Ces paroles restent dans mon cœur, et les derniers mètres de côte se font facilement. En arrivant en haut, j’exalte de joie. J’ai envie de crier et de pleurer tellement je suis content de moi. J’aperçois le randonneur de l’autre côté de la faille. J’ai envie de l’interpeller et de le remercier pour ses paroles. Une autre côte moins escarpée m’attend mais j’y arrive. La route est magnifique. Je suis vraiment content d’avoir choisi cette option. J’alterne les chemins escarpés en bord de falaise, avec les sentiers en bordure de prairie. Il y a de plus en plus de monde au fur et à mesure que j’avance.

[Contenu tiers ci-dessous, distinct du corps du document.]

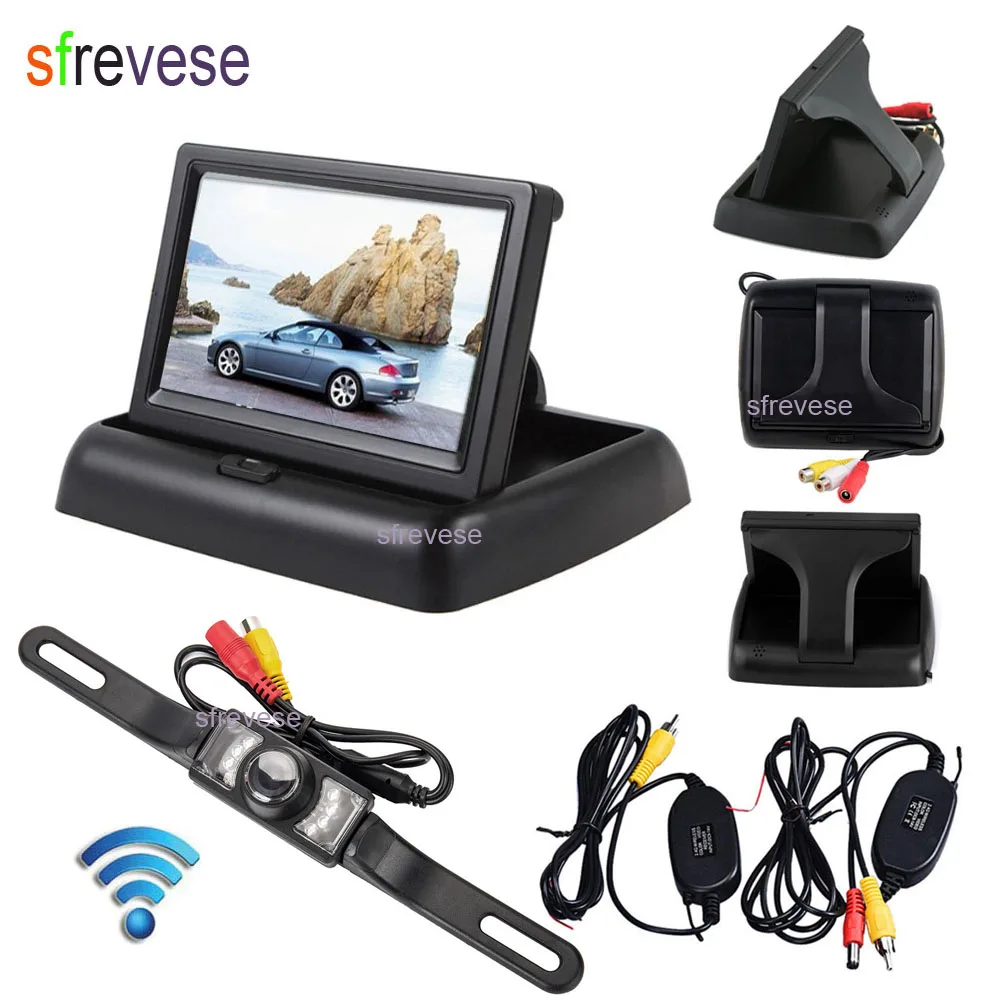 

4.3" LCD Foldable Monitor Car Rear View Kit + Wireless 7 IR Night Vision Car Reversing Parking Backup Camera Waterproof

J’aperçois le pic de la chapelle puis enfin l’arche et l’aiguille creuse. Une sacrée descente sans voiture m’attend et je pénètre dans un Étretat bondé où la plage est surveillée par la police pour s’assurer que personne ne fait bronzette. Au loin des tocards foncent à toute blinde sur l’eau sur des jet skis. Voilà le nouveau monde, le bronzage gratuit qui ne participe pas à l’économie est interdit mais l’utilisation de jet ski polluant est autorisée. Je reste longtemps assis sur un muret, me remettant de l’effort intense fourni sur ce GR. Je ne pense à rien de particulier. Le soleil chauffe ma peau. Des odeurs de viandes grillées d’un foodtruck chatouille mes papilles. Je suis exténué, mais je décide malgré tout de continuer à suivre le GR. Je sais que j’aurais plus de chances de trouver un spot bivouac le long de celui-ci que dans les terres.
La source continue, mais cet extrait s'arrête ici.